HBO’s And Just Like That is directed by original Sex and the City writer and director Michael Patrick King and takes place 11 years after the film Sex and the City 2. This 10-episode comedy-drama is all about the need for growth, transformation, and letting go.

With the introduction of new and diverse characters, the series seems eager to convey that while difficult, change can often be for the best. After an entire original series filled with brilliant writing but also plagued by a gross mishandling of Black and Brown narratives, missing representation, and other problematic depictions, it’s a new day.

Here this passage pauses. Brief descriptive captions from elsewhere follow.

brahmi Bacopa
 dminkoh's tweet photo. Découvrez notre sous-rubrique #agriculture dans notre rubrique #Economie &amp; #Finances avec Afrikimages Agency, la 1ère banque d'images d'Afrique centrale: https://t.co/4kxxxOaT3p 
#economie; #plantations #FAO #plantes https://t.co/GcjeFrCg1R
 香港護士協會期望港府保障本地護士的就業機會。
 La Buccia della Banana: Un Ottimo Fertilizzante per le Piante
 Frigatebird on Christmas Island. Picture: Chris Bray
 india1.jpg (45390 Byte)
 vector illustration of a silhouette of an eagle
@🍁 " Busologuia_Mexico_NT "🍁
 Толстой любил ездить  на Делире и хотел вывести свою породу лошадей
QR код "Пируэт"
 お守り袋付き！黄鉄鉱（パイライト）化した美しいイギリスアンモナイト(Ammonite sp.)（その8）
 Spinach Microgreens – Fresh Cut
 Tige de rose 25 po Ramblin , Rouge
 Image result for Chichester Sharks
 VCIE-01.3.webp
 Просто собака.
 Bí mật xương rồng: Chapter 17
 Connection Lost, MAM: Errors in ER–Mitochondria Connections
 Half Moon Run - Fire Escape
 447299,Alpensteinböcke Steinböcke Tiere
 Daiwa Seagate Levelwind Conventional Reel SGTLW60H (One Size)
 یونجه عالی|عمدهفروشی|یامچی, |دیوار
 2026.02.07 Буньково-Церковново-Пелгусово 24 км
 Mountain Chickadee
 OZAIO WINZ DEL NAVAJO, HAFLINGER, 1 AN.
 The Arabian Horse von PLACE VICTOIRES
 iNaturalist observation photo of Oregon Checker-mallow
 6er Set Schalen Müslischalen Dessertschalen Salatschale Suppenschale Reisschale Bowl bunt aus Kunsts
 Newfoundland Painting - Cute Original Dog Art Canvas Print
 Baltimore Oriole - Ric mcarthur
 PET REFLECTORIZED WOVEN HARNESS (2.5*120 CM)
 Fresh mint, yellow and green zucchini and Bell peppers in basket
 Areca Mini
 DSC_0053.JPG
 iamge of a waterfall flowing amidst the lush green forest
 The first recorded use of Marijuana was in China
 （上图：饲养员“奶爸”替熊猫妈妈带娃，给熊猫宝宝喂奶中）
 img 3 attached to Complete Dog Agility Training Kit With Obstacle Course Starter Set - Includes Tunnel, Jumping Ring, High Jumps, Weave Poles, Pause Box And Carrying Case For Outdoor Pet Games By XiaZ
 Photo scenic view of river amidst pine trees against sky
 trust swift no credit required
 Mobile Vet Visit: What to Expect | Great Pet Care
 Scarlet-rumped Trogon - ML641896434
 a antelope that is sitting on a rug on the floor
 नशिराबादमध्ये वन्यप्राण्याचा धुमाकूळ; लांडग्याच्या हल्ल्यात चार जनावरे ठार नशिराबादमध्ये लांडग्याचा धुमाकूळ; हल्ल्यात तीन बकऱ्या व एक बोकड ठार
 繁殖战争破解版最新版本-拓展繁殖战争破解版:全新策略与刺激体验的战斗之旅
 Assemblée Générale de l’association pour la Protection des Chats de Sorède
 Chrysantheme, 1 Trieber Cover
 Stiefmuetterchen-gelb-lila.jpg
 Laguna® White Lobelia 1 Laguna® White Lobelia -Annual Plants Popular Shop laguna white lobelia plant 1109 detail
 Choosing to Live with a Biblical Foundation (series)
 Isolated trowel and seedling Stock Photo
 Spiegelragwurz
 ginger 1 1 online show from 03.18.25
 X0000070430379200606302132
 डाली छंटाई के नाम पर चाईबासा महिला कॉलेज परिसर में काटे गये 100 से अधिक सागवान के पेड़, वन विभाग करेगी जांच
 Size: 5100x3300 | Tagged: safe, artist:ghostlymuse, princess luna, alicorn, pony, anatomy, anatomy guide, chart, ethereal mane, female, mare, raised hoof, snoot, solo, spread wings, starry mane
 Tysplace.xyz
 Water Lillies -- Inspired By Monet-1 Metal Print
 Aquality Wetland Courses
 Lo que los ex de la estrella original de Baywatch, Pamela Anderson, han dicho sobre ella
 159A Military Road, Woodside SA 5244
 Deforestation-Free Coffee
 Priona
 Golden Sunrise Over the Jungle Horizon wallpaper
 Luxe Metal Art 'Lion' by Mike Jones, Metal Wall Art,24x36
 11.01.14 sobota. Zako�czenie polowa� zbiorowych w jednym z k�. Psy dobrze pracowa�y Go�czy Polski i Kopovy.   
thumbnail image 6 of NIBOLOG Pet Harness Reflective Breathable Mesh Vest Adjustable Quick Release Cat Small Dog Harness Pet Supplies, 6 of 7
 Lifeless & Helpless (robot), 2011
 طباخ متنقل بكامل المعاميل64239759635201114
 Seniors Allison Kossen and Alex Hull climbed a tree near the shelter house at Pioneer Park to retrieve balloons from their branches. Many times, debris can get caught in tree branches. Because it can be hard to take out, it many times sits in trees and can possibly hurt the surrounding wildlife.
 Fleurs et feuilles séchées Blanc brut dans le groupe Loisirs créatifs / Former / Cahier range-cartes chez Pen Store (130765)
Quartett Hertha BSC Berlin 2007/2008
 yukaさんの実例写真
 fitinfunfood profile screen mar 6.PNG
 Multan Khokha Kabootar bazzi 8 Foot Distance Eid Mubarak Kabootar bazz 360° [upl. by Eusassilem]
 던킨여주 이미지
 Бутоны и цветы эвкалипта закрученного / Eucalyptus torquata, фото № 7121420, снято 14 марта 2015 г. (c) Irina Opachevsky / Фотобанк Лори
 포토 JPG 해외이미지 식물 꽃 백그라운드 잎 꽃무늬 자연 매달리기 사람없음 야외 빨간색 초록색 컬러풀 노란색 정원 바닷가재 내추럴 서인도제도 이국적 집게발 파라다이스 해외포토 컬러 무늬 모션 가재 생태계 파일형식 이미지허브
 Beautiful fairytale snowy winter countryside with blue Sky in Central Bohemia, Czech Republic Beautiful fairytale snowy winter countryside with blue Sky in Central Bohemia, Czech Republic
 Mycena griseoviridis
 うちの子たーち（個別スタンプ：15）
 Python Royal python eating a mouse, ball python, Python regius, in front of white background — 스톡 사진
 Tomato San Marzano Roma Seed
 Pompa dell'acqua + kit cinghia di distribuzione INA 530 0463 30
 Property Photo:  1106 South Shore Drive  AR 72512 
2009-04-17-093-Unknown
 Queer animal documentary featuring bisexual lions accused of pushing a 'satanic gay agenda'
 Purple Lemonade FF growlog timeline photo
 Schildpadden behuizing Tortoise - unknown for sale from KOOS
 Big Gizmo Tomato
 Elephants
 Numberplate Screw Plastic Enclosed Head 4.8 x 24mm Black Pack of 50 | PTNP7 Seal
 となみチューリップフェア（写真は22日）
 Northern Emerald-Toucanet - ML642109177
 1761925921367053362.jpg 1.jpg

Audiences are introduced to intersectional characters with their own unique storylines, including the new characters Lisa Todd Wexley (Nicole Ari Parker), Dr. Nya Wallace (Karen Pittman), Seema Patel (Sarita Choudhury), and the first nonbinary character in the franchise, Che Diaz (Sara Ramirez). 

BGN was able to catch up with King, Nixon, Davis, Parker, Pittman, Choudhury, and Ramirez during their Zoom press day to discuss their thoughts on the show’s transformation, and diversity, and all things they’re loving about this new sequel series.

King explained, “The thing about the old series is that they were incredibly up to date. When they were 35 in that time, 1998 to 2000, they had everything, and the joke was that Carrie didn’t have a phone. She didn’t go online. We were the first series to actually ever put the Google page on camera. No one even knew what it was. We were like, ‘Could you call Google and see if we can type in Alexander Petrovsky [Mikhail Baryshnikov]?’ And people were like, ‘What’s that?’”

Today the girls follow in their own footsteps by following current trends, with podcasts, smartphones, a Peloton, and other new tech. 

King explained, “I mean, we evolve. They reflect people. So, it was no problem at all. If society is about survival and Carrie’s a writer and she has to survive, she’ll get Instagram. She may not be killing it, but she’s got it.”

Episode 1, “Hello It’s Me,” jumps right into Miranda’s first day of school, as she’s left law behind to pursue a master’s in human rights. However, she ends up having an unexpected lesson on her first day on how to adjust to a diverse environment when she accidentally offends both the class and her Black woman professor, Dr. Nya Wallace, with some ignorant microaggressions.  

Nixon explained that this is actually a fruitful learning experience for her character. “I think that Miranda’s generally such a self-assured, very opinionated, and, at times, bossy character, but she is very deliberately putting herself outside of her comfort zone and trying it at her advanced age of 55 to really enter a new world.”

She continued, saying, “She’s fumbling a lot and falling down and getting up again and falling down again. I think what she’s doing is very, very brave, albeit awkward, but it’s very difficult to try to talk about race if you’ve never tried to talk about it before. It’s easier for white people to just keep their mouth shut, but there’s 400-plus years of slavery and institutionalized racism. It’s very hard to even know where to begin to discuss it. But, you know, Miranda is trying and doing it badly, to what I hope is great comic effect.”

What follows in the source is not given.